Task to carry out:
Below are some records; copy them word for word and drop the pictures.

Available data:
====================
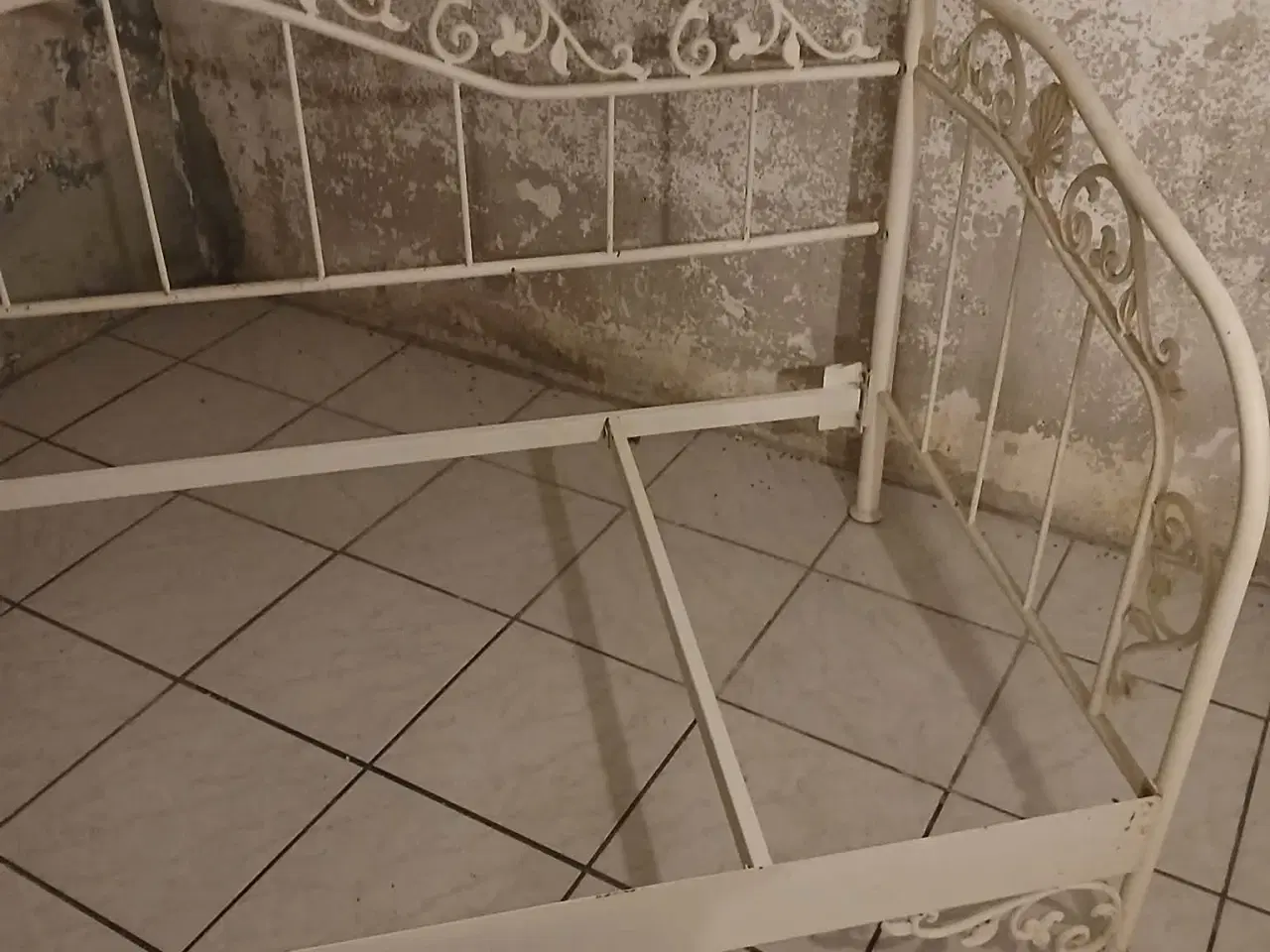 Billede 1 - Enkelt personseng i hvid metal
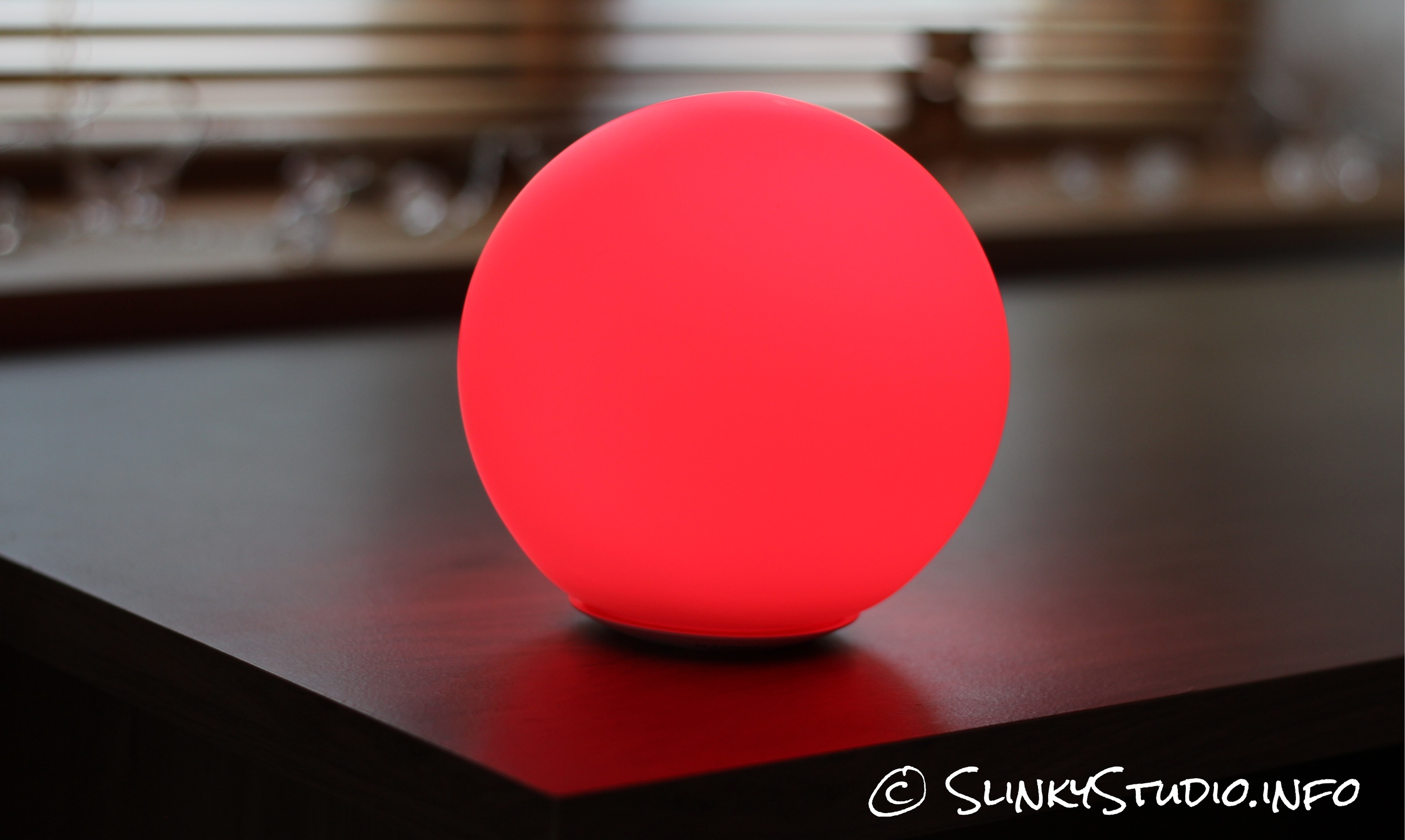 MiPow Playbulb Sphere Light Red.jpg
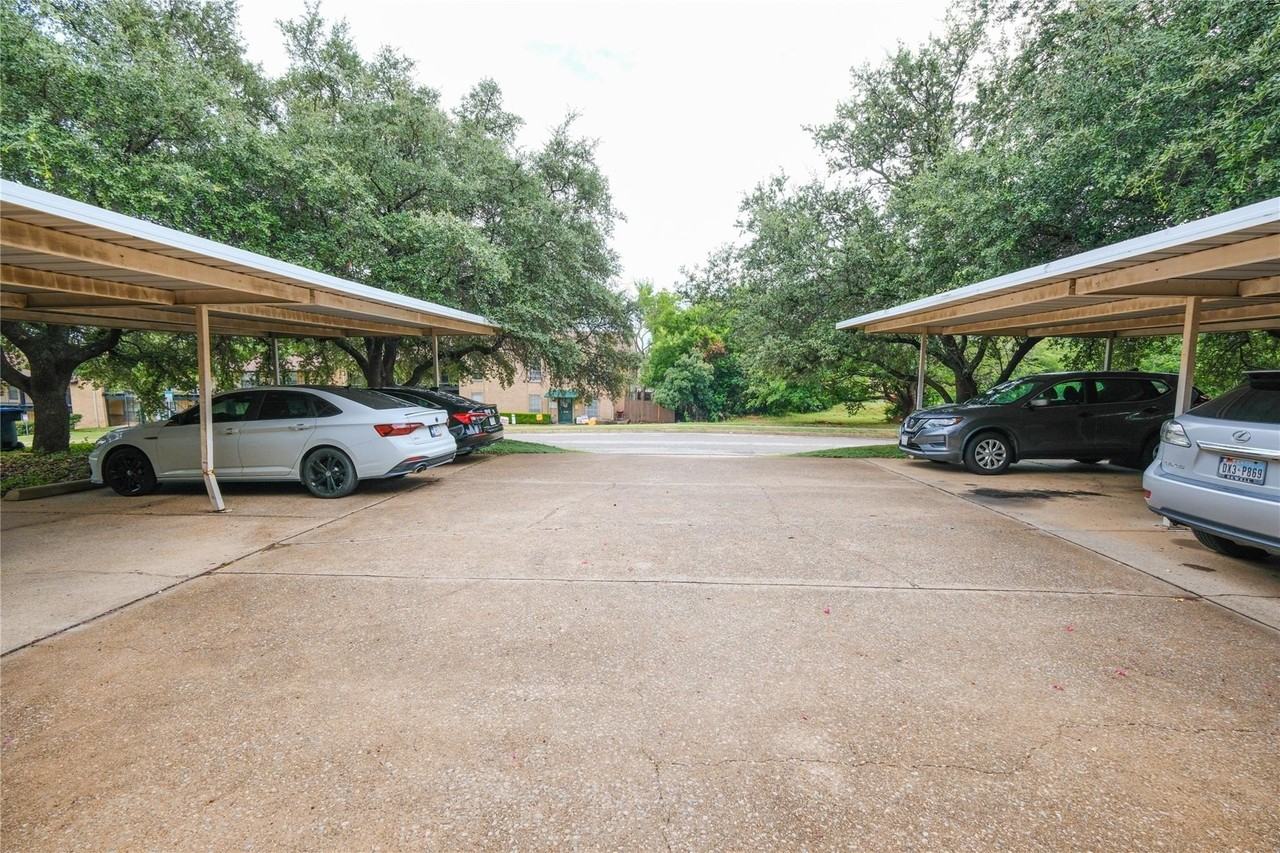 3636 Dexter Ave #3632 - Photo 4 of 19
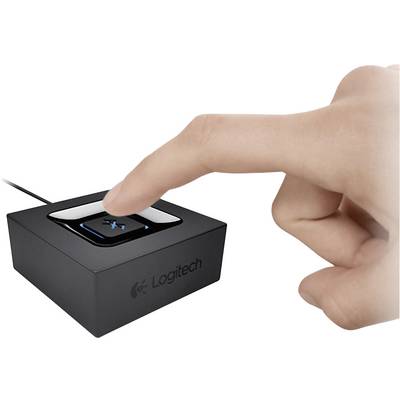En hand pekar på en svart Logitech Bluetooth-switch med ett lysande blått Bluetooth-symbol.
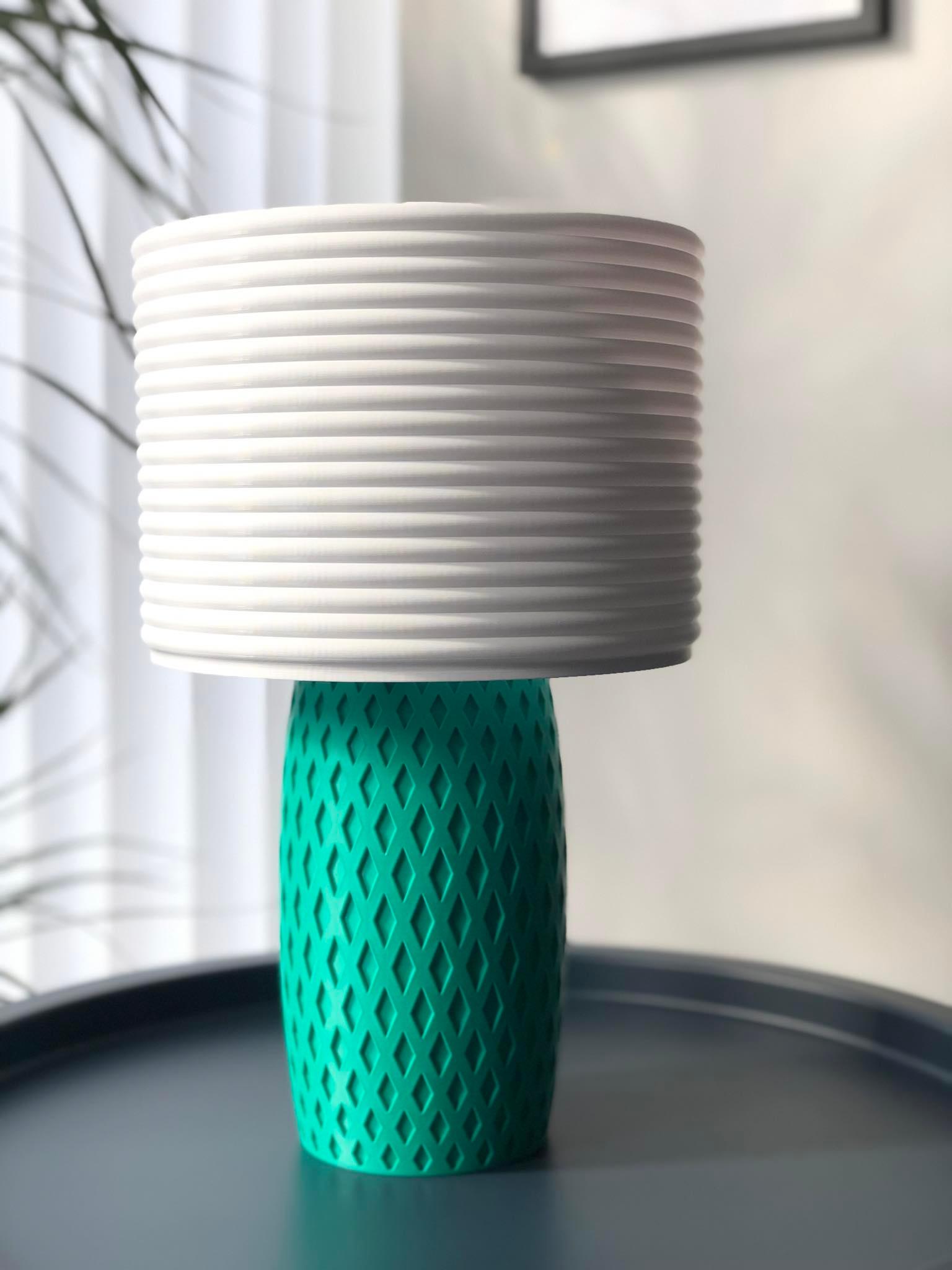 Modern Bedside/Table Lamp - Aya 3d model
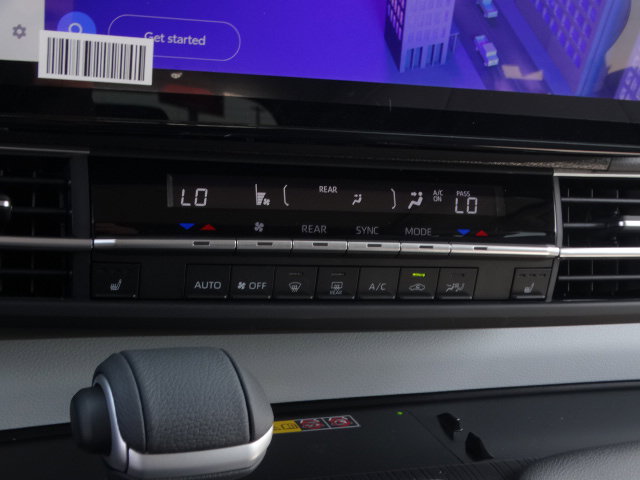 New 2026 Toyota Sienna XLE FWD image 23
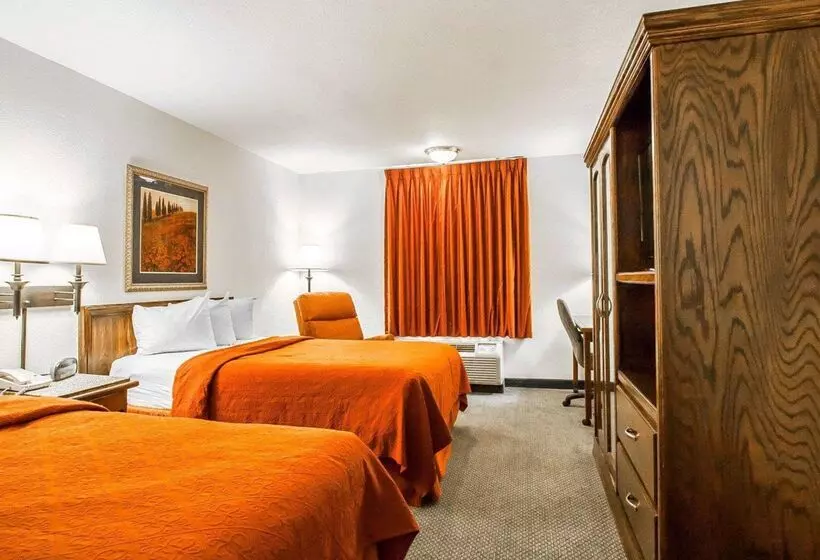 هتل Quality Inn & Suites North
====================
Solution to this problem:
 Billede 1 - Enkelt personseng i hvid metal
 MiPow Playbulb Sphere Light Red.jpg
 3636 Dexter Ave #3632 - Photo 4 of 19
En hand pekar på en svart Logitech Bluetooth-switch med ett lysande blått Bluetooth-symbol.
 Modern Bedside/Table Lamp - Aya 3d model
 New 2026 Toyota Sienna XLE FWD image 23
 هتل Quality Inn & Suites North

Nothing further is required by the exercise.